Cette publication souligne l’intérêt renouvelé pour les alternatives à l’hospitalisation dans la prise en charge des pathologies psychiatriques sévères.
L’expertise de l’équipe EPICLIV
Le projet associe également l’équipe de recherche EPICLIV, reconnue pour ses travaux sur les familles d’accueil pour personnes âgées.
Cette expertise permettra des comparaisons méthodologiques solides entre différents modèles d’accueil familial.

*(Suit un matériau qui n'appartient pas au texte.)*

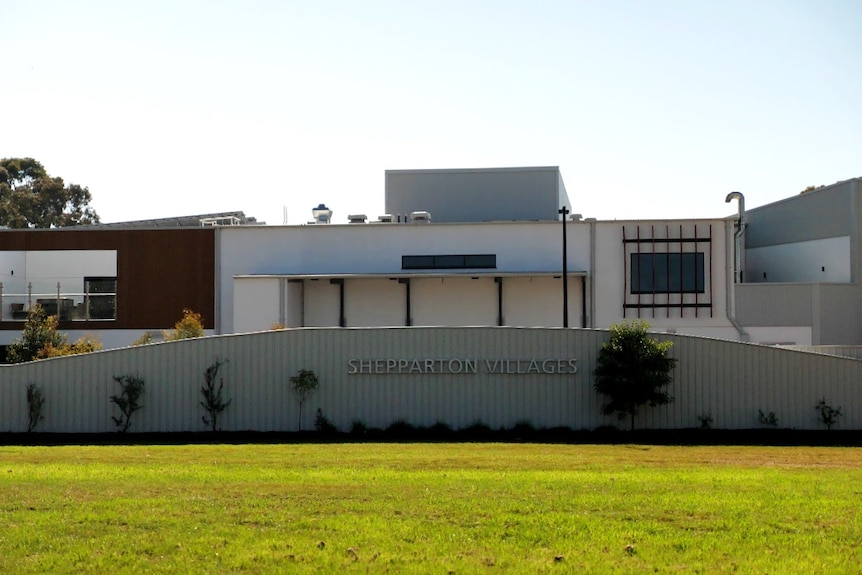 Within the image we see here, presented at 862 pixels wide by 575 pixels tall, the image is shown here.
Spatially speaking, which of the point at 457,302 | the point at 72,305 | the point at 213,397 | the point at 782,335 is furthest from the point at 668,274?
the point at 72,305

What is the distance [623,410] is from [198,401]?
12.2 metres

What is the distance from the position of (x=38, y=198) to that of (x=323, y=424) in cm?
8417

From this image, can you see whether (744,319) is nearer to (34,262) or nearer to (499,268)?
(499,268)

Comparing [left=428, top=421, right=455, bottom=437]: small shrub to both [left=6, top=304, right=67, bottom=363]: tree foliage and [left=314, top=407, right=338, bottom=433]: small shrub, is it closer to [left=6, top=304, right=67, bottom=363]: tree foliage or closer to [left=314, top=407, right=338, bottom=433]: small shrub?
[left=314, top=407, right=338, bottom=433]: small shrub

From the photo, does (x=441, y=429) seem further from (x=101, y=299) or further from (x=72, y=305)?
(x=72, y=305)

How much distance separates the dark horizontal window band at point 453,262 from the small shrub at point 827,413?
67.0ft

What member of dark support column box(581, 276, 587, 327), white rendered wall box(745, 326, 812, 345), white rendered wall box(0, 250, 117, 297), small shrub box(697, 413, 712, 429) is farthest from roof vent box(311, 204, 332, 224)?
small shrub box(697, 413, 712, 429)

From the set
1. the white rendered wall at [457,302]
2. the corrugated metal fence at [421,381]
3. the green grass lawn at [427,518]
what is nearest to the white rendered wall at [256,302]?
the white rendered wall at [457,302]

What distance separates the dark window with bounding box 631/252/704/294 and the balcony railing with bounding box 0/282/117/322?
2466cm

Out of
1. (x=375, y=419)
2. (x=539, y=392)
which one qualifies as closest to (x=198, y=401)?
(x=375, y=419)

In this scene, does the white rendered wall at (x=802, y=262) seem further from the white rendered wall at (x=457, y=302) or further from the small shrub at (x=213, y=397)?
the small shrub at (x=213, y=397)

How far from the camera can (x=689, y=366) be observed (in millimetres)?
30578

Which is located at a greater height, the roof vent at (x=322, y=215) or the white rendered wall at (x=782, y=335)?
the roof vent at (x=322, y=215)

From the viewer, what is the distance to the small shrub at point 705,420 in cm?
3036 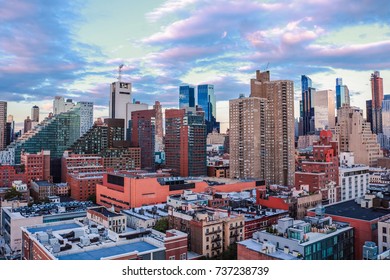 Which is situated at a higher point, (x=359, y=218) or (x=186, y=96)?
(x=186, y=96)

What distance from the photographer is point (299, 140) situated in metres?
68.4

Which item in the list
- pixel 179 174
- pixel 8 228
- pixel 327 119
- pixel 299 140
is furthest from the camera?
pixel 299 140

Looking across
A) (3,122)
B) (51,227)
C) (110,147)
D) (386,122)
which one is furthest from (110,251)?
(386,122)

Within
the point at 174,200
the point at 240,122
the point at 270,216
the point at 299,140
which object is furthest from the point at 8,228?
the point at 299,140

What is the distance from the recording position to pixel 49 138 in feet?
144

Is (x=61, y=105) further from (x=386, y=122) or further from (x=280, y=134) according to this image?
(x=386, y=122)

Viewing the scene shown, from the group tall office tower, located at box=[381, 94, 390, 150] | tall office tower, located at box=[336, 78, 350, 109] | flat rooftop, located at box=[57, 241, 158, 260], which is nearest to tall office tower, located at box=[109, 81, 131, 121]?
tall office tower, located at box=[336, 78, 350, 109]

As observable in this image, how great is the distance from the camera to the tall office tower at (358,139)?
147 feet

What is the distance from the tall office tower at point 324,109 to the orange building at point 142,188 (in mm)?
33381

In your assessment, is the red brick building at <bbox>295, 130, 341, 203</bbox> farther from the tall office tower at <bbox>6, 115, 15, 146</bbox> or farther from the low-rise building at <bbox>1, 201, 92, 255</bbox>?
the tall office tower at <bbox>6, 115, 15, 146</bbox>

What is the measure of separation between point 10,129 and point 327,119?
151 ft

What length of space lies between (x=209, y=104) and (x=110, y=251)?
3526 inches

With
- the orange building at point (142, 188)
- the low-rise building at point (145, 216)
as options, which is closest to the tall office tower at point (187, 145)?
the orange building at point (142, 188) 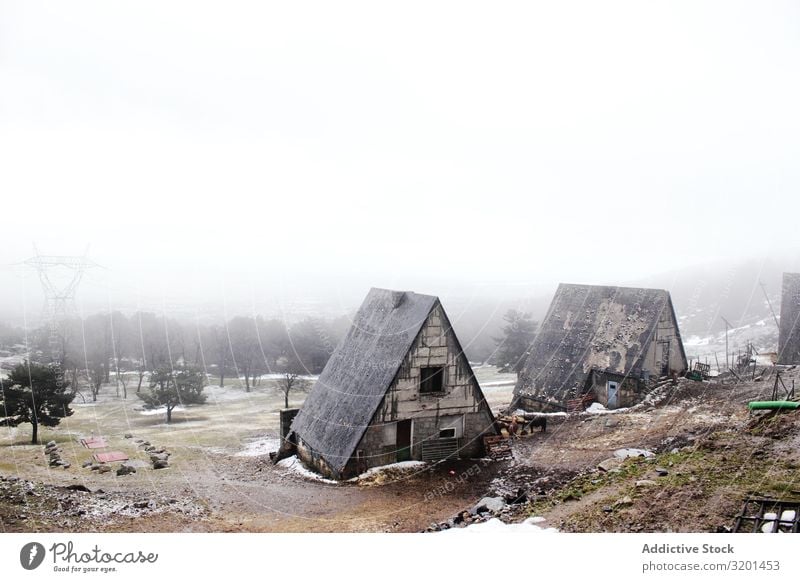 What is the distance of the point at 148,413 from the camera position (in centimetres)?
1575

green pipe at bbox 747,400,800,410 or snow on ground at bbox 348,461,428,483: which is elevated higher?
green pipe at bbox 747,400,800,410

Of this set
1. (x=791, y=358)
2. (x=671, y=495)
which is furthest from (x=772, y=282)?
(x=671, y=495)

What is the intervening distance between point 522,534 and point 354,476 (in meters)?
4.29

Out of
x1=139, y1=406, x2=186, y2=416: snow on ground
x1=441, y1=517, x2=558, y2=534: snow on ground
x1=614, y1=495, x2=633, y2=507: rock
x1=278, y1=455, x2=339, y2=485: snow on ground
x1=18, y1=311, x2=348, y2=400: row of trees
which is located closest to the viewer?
x1=441, y1=517, x2=558, y2=534: snow on ground

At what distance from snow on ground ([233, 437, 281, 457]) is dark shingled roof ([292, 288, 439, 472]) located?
1.21 m

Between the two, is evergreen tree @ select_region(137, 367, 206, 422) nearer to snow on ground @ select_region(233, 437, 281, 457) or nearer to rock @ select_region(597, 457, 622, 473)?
snow on ground @ select_region(233, 437, 281, 457)

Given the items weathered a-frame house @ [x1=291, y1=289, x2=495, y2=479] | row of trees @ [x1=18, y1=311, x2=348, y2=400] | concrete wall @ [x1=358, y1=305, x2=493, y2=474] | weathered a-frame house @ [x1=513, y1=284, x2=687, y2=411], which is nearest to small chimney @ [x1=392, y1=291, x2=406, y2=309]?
weathered a-frame house @ [x1=291, y1=289, x2=495, y2=479]

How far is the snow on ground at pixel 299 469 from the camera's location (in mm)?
11202

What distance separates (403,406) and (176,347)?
11.0 meters

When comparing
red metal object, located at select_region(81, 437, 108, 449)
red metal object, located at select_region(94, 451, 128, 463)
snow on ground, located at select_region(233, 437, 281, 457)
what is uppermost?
red metal object, located at select_region(81, 437, 108, 449)

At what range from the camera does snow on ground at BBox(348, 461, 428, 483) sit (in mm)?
10945

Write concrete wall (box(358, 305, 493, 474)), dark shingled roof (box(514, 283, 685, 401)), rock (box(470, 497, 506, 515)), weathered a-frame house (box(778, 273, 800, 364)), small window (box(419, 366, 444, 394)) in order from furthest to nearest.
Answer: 1. weathered a-frame house (box(778, 273, 800, 364))
2. dark shingled roof (box(514, 283, 685, 401))
3. small window (box(419, 366, 444, 394))
4. concrete wall (box(358, 305, 493, 474))
5. rock (box(470, 497, 506, 515))

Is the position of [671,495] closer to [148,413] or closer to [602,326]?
[602,326]

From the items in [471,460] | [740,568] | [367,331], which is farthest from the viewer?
[367,331] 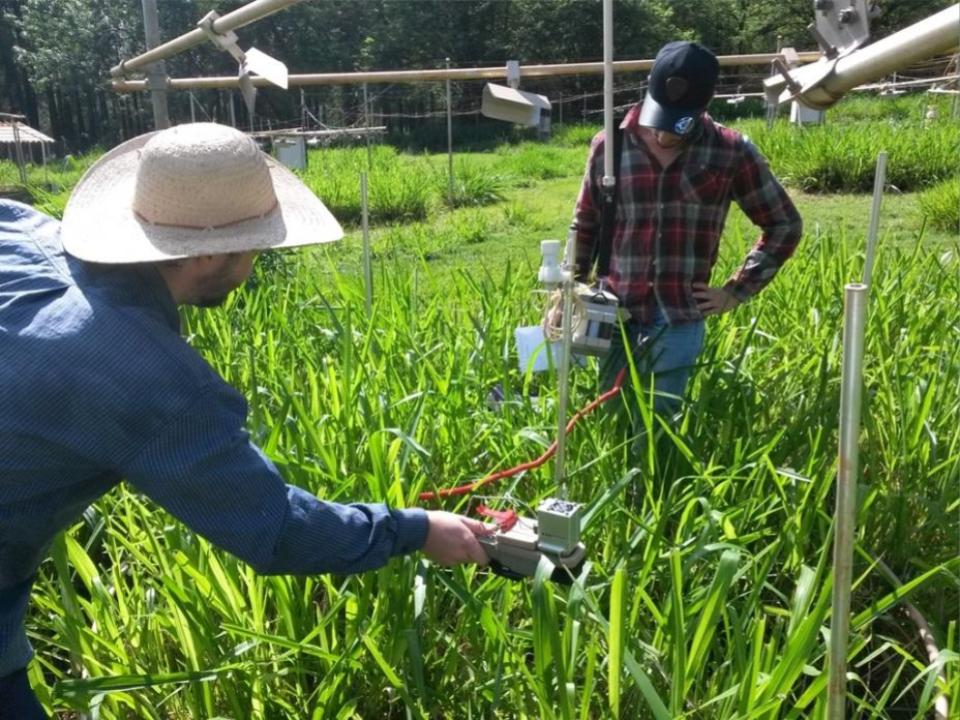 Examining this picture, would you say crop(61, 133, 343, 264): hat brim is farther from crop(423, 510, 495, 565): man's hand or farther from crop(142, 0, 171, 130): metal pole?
crop(142, 0, 171, 130): metal pole

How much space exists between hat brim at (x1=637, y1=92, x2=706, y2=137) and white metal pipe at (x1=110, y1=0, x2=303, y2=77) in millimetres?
787

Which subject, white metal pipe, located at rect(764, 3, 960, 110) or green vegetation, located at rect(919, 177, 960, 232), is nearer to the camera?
white metal pipe, located at rect(764, 3, 960, 110)

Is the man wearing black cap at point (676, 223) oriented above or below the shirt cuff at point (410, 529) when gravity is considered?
above

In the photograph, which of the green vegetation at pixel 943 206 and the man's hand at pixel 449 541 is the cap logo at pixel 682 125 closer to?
the man's hand at pixel 449 541

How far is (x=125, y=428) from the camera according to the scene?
38.2 inches

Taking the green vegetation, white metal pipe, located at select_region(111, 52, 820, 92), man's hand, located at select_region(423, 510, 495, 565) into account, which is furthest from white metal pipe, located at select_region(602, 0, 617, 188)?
the green vegetation

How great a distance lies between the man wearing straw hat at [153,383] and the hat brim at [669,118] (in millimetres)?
933

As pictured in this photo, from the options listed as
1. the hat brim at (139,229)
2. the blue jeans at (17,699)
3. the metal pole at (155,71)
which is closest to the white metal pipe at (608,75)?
the hat brim at (139,229)

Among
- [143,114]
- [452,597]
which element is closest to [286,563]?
[452,597]

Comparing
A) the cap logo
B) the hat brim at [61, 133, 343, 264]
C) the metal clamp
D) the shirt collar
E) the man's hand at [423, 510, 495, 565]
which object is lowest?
the man's hand at [423, 510, 495, 565]

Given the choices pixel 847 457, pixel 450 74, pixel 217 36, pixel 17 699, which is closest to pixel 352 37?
pixel 450 74

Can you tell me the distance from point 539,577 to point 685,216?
44.2 inches

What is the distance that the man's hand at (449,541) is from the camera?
3.85ft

Mieux définir la place de l’accueil familial thérapeutique
L’objectif de cette recherche est de mieux situer l’accueil familial thérapeutique dans les parcours de soins en psychiatrie. Il s’agit d’évaluer son impact sur l’évolution clinique, la qualité de vie et le maintien du lien social des patients atteints de troubles psychiatriques sévères. À terme, ces travaux doivent apporter des données scientifiques utiles à la décision publique, favoriser la diversification des alternatives à l’hospitalisation et soutenir le développement de prises en charge plus inclusives, plus humaines et mieux intégrées dans la cité.